Copyright | (c) Chris Penner 2019 |
---|---|
License | BSD3 |
Safe Haskell | None |
Language | Haskell2010 |
Synopsis
- regex :: QuasiQuoter
- match :: IndexedTraversal' [Text] Match Text
- groups :: IndexedLens' Text Match [Text]
- group :: Int -> IndexedTraversal' Text Match Text
- namedGroups :: IndexedLens' Text Match (Map Text Text)
- namedGroup :: Text -> IndexedTraversal' Text Match Text
- matchAndGroups :: Getter Match (Text, [Text])
- regexing :: Regex -> IndexedTraversal' Int Text Match
- mkRegexTraversalQQ :: [PCREOption] -> QuasiQuoter
- data Match
- data Regex
Basics
regex :: QuasiQuoter Source #
Builds a traversal over text using a Regex pattern
It's a QuasiQuoter
which creates a Traversal out of the given regex string.
It's equivalent to calling regexing
on a Regex
created using the
re
QuasiQuoter.
The "real" type is:
regex :: Regex -> IndexedTraversal' Int T.Text Match
It's a traversal which selects Match
es; compose it with match
or groups
to get the relevant parts of your match.
>>>
txt = "raindrops on roses and whiskers on kittens"
Search
>>>
has ([regex|whisk|]) txt
True
Get matches
>>>
txt ^.. [regex|\br\w+|] . match
["raindrops","roses"]
Edit matches
>>>
txt & [regex|\br\w+|] . match %~ T.intersperse '-' . T.toUpper
"R-A-I-N-D-R-O-P-S on R-O-S-E-S and whiskers on kittens"
Get Groups
>>>
txt ^.. [regex|(\w+) on (\w+)|] . groups
[["raindrops","roses"],["whiskers","kittens"]]
Edit Groups
>>>
txt & [regex|(\w+) on (\w+)|] . groups %~ reverse
"roses on raindrops and kittens on whiskers"
Get the third match
>>>
txt ^? [regex|\w+|] . index 2 . match
Just "roses"
Edit matches
>>>
txt & [regex|\br\w+|] . match %~ T.intersperse '-' . T.toUpper
"R-A-I-N-D-R-O-P-S on R-O-S-E-S and whiskers on kittens"
Get Groups
>>>
txt ^.. [regex|(\w+) on (\w+)|] . groups
[["raindrops","roses"],["whiskers","kittens"]]
Edit Groups
>>>
txt & [regex|(\w+) on (\w+)|] . groups %~ reverse
"roses on raindrops and kittens on whiskers"
Get the third match
>>>
txt ^? [regex|\w+|] . index 2 . match
Just "roses"
Match integers, Read
them into ints, then sort them in-place
dumping them back into the source text afterwards.
>>>
"Monday: 29, Tuesday: 99, Wednesday: 3" & partsOf ([regex|\d+|] . match . unpacked . _Show @Int) %~ sort
"Monday: 3, Tuesday: 29, Wednesday: 99"
To alter behaviour of the regex you may wish to pass PCREOption
s when compiling it.
The default behaviour may seem strange in certain cases; e.g. it operates in 'single-line'
mode.
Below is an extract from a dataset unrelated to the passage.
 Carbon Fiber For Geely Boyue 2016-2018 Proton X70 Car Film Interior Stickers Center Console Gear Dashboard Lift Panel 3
You can compile
the Regex
separately and add any options you like, then pass the resulting
Regex
into regex
;
Alternatively can make your own version of the QuasiQuoter with any options you want embedded
by using mkRegexQQ
.
regex :: Regex -> IndexedTraversal' Int T.Text RBS.Match
match :: IndexedTraversal' [Text] Match Text Source #
Traverse each match
Stashes any matched groups into the index in case you need them.
Get a match if one exists:
>>>
"find a needle in a haystack" ^? [regex|n..dle|] . match
Just "needle"
Collect all matches
>>>
"one _two_ three _four_" ^.. [regex|_\w+_|] . match
["_two_","_four_"]
You can edit the traversal to perform a regex replace/substitution
>>>
"one _two_ three _four_" & [regex|_\w+_|] . match %~ T.toUpper
"one _TWO_ three _FOUR_"
Here we use the group matches stored in the index to form key-value pairs, replacing the entire match.
>>>
"abc-def, ghi-jkl" & [regex|(\w+)-(\w+)|] . match %@~ \[k, v] _ -> "{" <> k <> ":" <> v <> "}"
"{abc:def}, {ghi:jkl}"
groups :: IndexedLens' Text Match [Text] Source #
Access all groups of a match as a list. Also keeps full match text as the index in case you need it.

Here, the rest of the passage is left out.